_Work instruction_. Transcribe only part of the material below: the lines from the one containing "Duplex despărtit prin" through the one containing "മികച്ച ലീഡിലേക്ക് ഇഷാന്", inclusive, exactly as written.

(Exercise material)

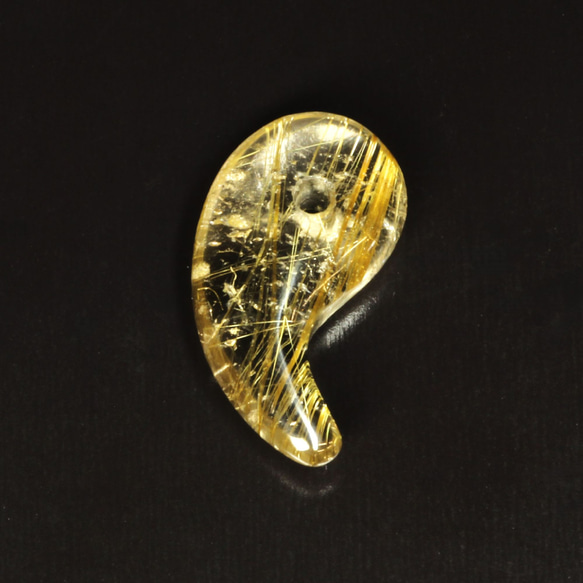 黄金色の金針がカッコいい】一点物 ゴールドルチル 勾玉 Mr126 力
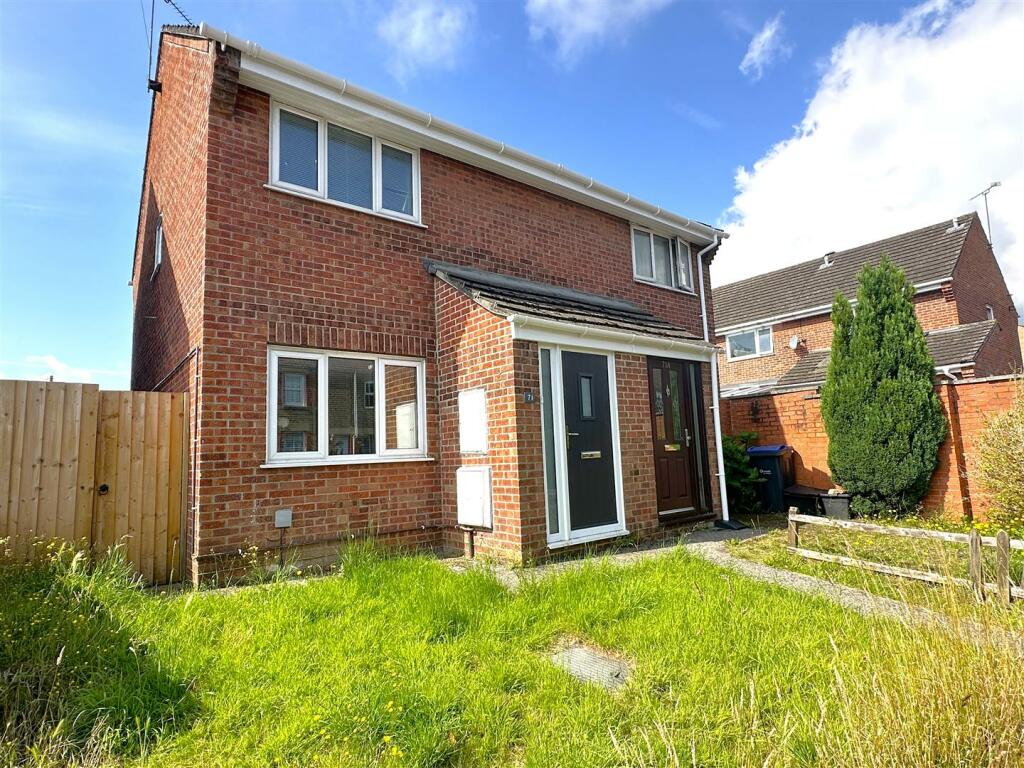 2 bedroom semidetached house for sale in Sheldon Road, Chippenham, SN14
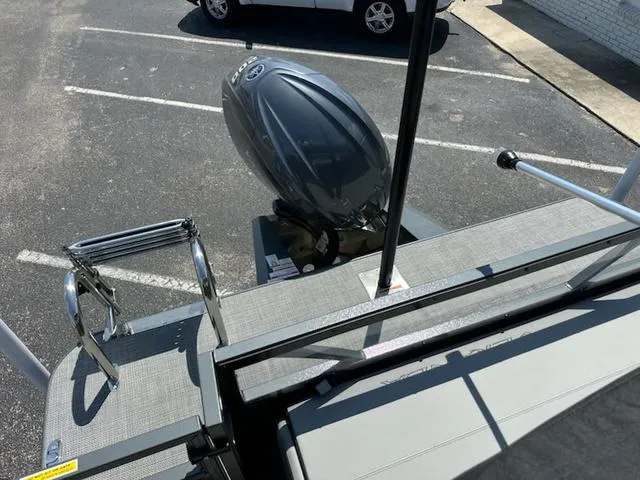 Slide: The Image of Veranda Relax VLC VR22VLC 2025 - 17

(End Exercise material)
(Exercise material)

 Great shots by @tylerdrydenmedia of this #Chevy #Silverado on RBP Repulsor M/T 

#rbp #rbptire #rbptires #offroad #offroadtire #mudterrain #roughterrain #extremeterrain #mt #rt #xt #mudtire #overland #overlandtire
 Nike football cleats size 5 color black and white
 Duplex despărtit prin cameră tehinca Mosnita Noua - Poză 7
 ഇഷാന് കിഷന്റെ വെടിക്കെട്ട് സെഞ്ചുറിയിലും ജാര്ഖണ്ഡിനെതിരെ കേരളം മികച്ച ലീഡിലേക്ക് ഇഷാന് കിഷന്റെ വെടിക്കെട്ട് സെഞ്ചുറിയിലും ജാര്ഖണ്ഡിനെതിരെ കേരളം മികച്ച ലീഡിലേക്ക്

(End Exercise material)
(Exercise material)

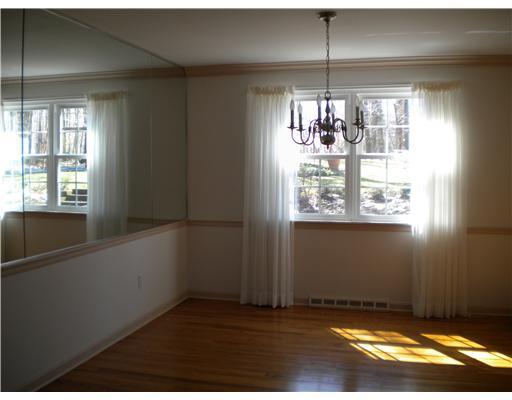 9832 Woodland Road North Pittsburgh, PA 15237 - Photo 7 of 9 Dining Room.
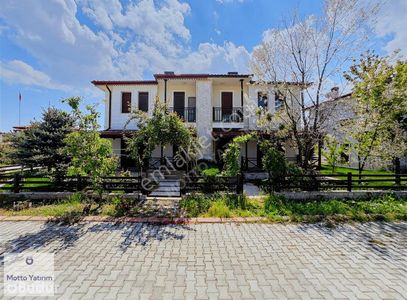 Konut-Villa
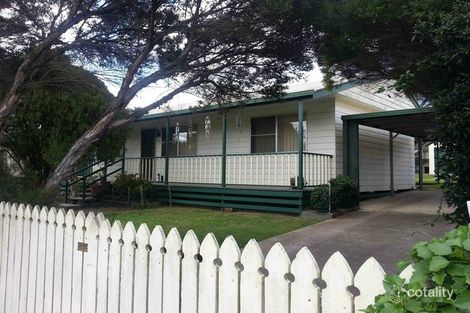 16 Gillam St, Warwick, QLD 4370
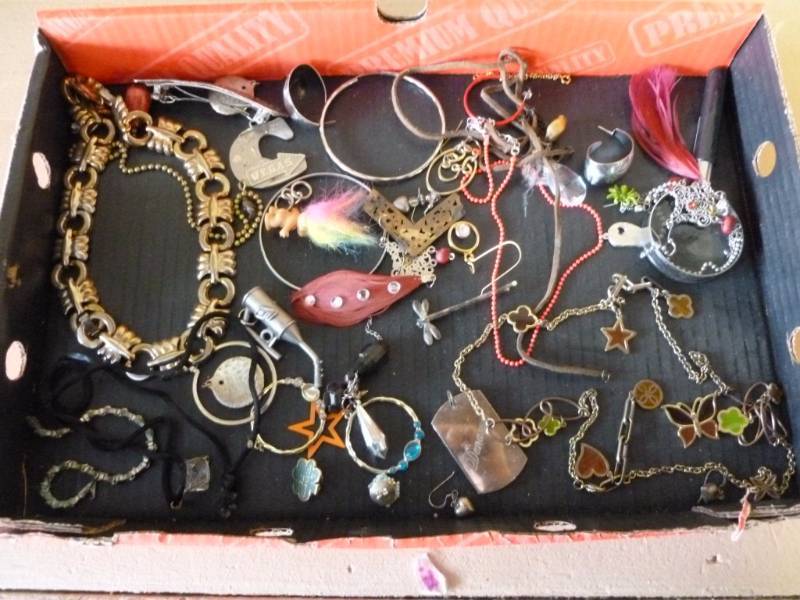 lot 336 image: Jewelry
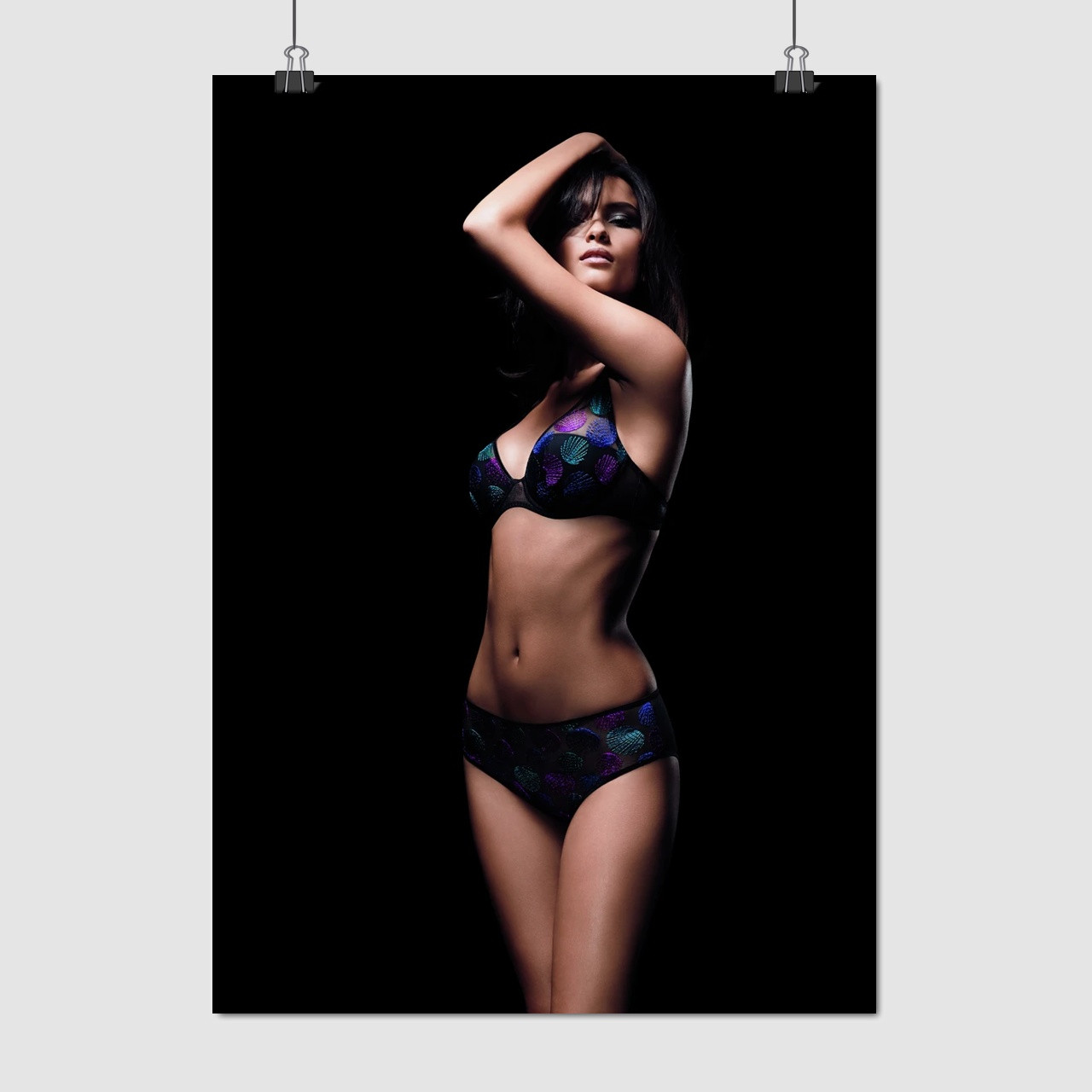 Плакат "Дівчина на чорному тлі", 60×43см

(End Exercise material)

_Response_.
 Duplex despărtit prin cameră tehinca Mosnita Noua - Poză 7
 ഇഷാന് കിഷന്റെ വെടിക്കെട്ട് സെഞ്ചുറിയിലും ജാര്ഖണ്ഡിനെതിരെ കേരളം മികച്ച ലീഡിലേക്ക് ഇഷാന് കിഷന്റെ വെടിക്കെട്ട് സെഞ്ചുറിയിലും ജാര്ഖണ്ഡിനെതിരെ കേരളം മികച്ച ലീഡിലേക്ക്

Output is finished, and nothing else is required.